Two questions decide it: can the agent infer it, and if not, is it always true or only situational?

That is the whole distinction. Instructions are the always-on baseline; Skills are everything situational, named and described so the agent can reach for the right one at the right moment. And splitting things this way is where the benefits from earlier pay off:

  • Context management. Situational guidance stays out of the default context, so the context window is less likely to saturate.
  • Manageability. Each Skill is a self-contained unit, so you have an easier time managing the agent and making changes.
  • Accuracy. When the right guidance lands at the right moment instead of the agent wading through everything at once, it can make better calls. Per-case, so validate it rather than assume it.
  • Speed and credits. Fewer searches, tool calls, and reasoning loops can shorten responses and reduce credit spend — also per-case.

A Skill, or a new agent?

Before Skills arrived in Copilot Studio, the instinct for every distinct task was to build another specialized agent: one for password resets, one for software-request approvals, one for incident triage. But often those are not three agents, they are one IT support agent with three Skills.
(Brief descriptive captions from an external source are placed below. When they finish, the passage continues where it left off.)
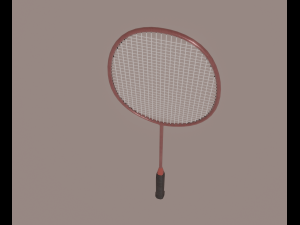 badminton racket 3D 模型
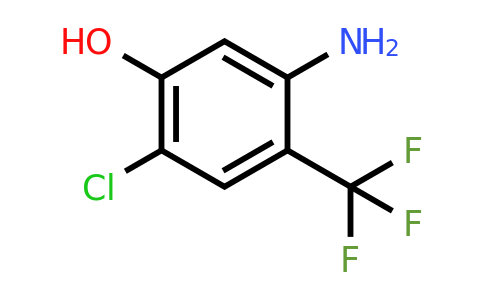 1805671-40-2 | 4-Chloro-5-hydroxy-2-(trifluoromethyl)aniline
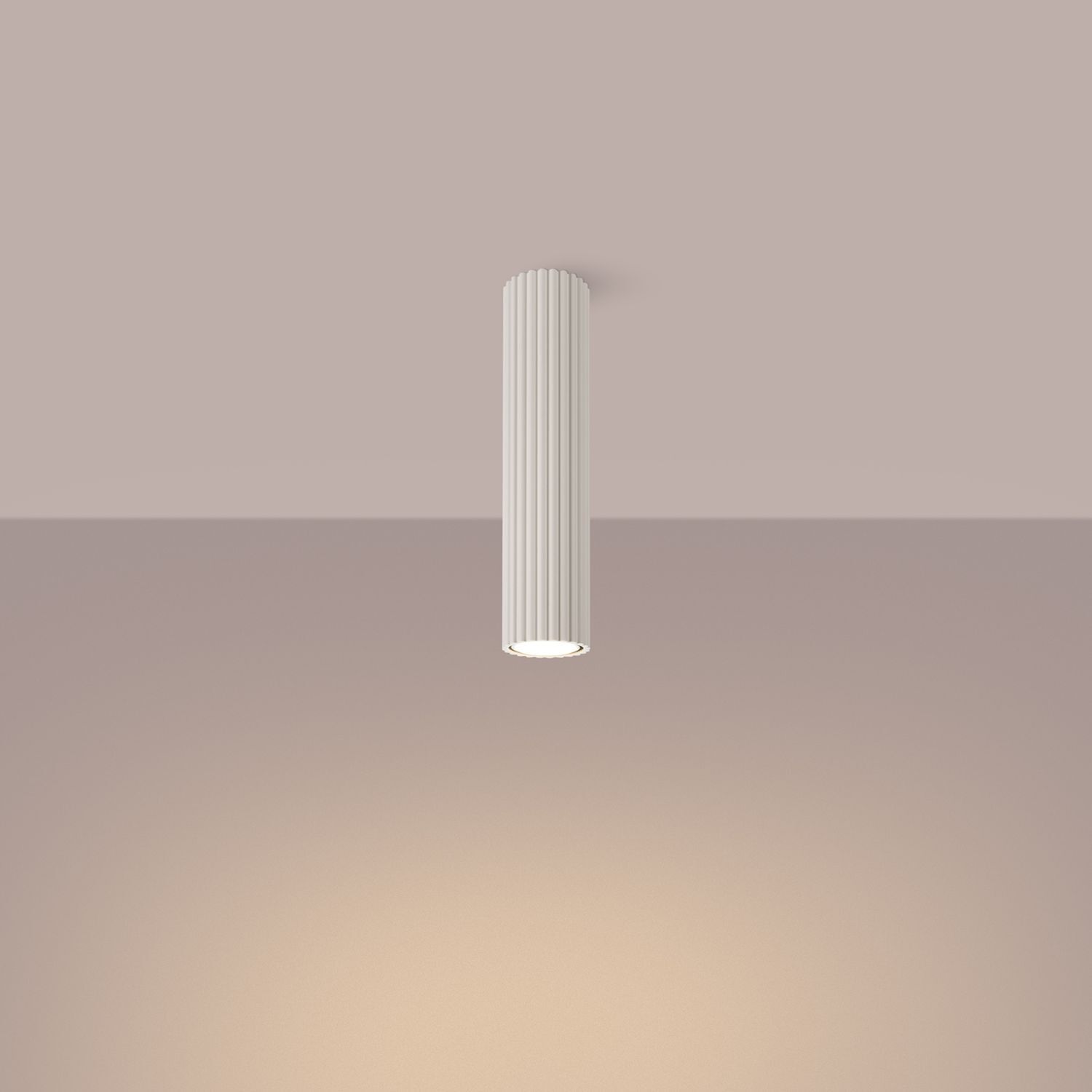 Spot à poser GU10 en crème Ø 6,5 cm H : 30 cm étroit BERTA
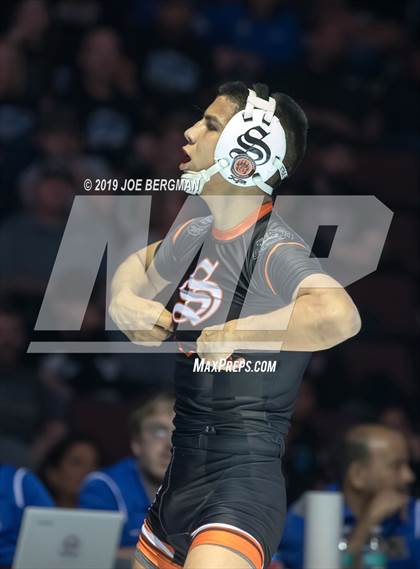 Thumbnail 1 in CIF State Boys Wrestling Championships (Finals; 106lbs - 145llbs) photogallery.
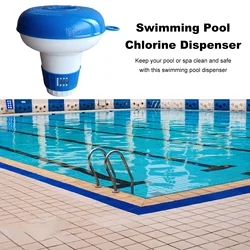 Swimming Pool Floating Chlorine Dispenser Water Disinfection Purifier Automatic Applicator Sterilizer Pool Cleaner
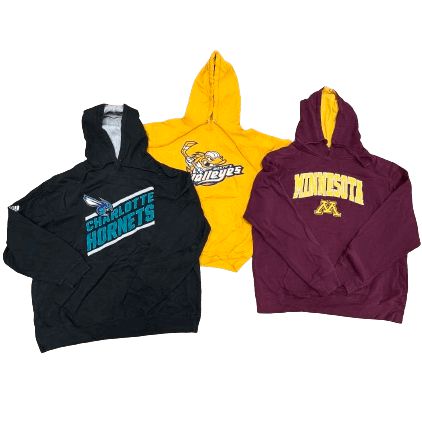 American sports hoodies and sweatshirts in bulk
If the same agent serves the same audience and shares the same knowledge boundary, a Skill is the better unit of modularity: you are not building another agent to maintain, you are teaching the existing one another way of working.
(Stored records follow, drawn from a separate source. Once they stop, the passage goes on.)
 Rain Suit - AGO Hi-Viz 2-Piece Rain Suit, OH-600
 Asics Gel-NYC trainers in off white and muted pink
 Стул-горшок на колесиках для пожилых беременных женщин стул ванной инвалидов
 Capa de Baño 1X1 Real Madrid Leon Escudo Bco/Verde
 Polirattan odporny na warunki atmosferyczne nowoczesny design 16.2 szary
Two things still point to a separate agent:

  • It would stand on its own. An HR assistant and an IT support agent are not one agent with two Skills. They serve different audiences, sit behind different security boundaries, and each makes sense as a standalone agent someone would use on its own. When a capability is standalone like that, build the agent. (Standalone is not the same as reusable; sharing a Skill across agents is a separate question, and the kind of thing a Skill catalog in the product would address down the line.)
  • One agent has taken on too many tools. There is some data suggesting that accuracy can degrade as more is loaded into an agent’s context, and a growing toolset is part of that load. Past some point, adding more Skills will not save it. As always, evaluate this for your own agent rather than assume it. When you hit that wall, the move can be to split the work out into a separate agent and delegate to it, rather than pile everything onto one.

A word on trust

Because a Skill shapes how the agent behaves, and can now bundle scripts, it is a trust surface. Treat any Skill you did not write, one from a community source, generated by AI, or reused from another environment, the way you would treat untrusted code: review it before adding it. Check for prompt injection, instructions to misuse tools, and anything that does not match what the Skill claims to do.

What to take away

If you want to go deeper, Influencing Agent Planning with Contextual Instructions covers how always-on instructions steer the orchestrator, Open the Hood: What Your Copilot Studio Agent Is Really Doing shows how to inspect the reasoning that decides when a Skill fires, and Closing the Loop covers how to evaluate that the right Skill fires at the right moment.

Skills are early in Copilot Studio, and intentionally focused. But the core idea is already worth internalizing: keep instructions for what is true in every conversation, and move everything situational into Skills the agent can pull in on demand, whether that is a reference manual, a checklist, a runbook, or a playbook.

Skills are new to Copilot Studio, and I would love to hear how everyone is putting them to use. What is the first thing you would pull out of your instructions and turn into a Skill?

This post is licensed under CC BY 4.0 by the author.